During his campaign, Donald Trump publicly endorsed torture, indiscriminate bombing of populated areas, and killing civilians with familial ties to members of ISIS—all of which are illegal under international and domestic law. In a recent interview with the New York Times, however, the President-Elect implied that he might reconsider his position at least on torture. After learning that his nominee for Secretary of Defense, General Mattis, opposes torture because he “never found it to be useful,” Trump told the Times that he was “impressed” by this response. Trump said that Mattis did not necessarily change his mind, but that his decision would depend on whether “Americans feel strongly about bringing back waterboarding and other tactics,” and if so, “I would be guided by that.” If Trump will be listening to the winds of popular opinion on the specific issue of torture, it is likely that he will keep an ear to the ground on other international norms related to the use of force. Whether or not the American public wants to “take the gloves off” may influence how the U.S. fights and obtains intelligence in the coming years.
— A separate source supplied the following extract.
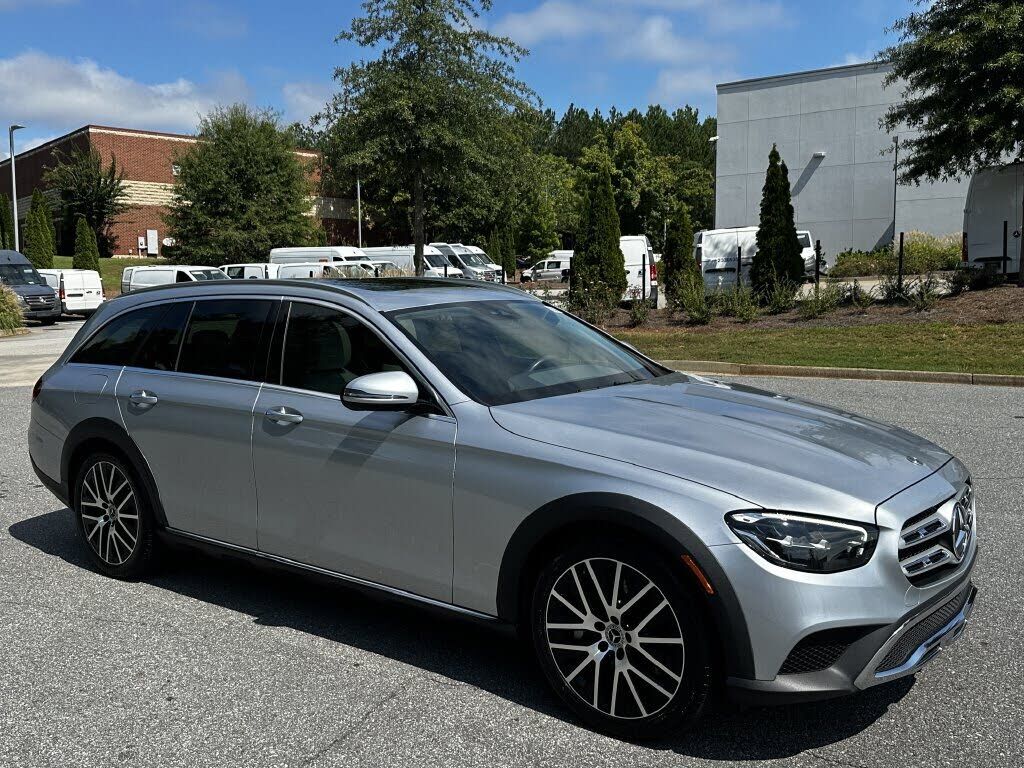 2023 MERCEDES-BENZ E-Class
Against this backdrop, the International Committee of the Red Cross’s (ICRC) major survey on the laws of war is especially timely. Between June and September 2016, the ICRC asked 17,000 people in 16 countries – Permanent 5 (P-5) countries (in addition to Switzerland) and numerous war-torn countries – about their attitudes toward a range of issues related to the laws of war. The survey results, which are available on the ICRC’s website, provide insight into American public attitudes toward foreign civilian mistreatmment and U.S. compliance with international law and how American attitudes compare with those in other countries.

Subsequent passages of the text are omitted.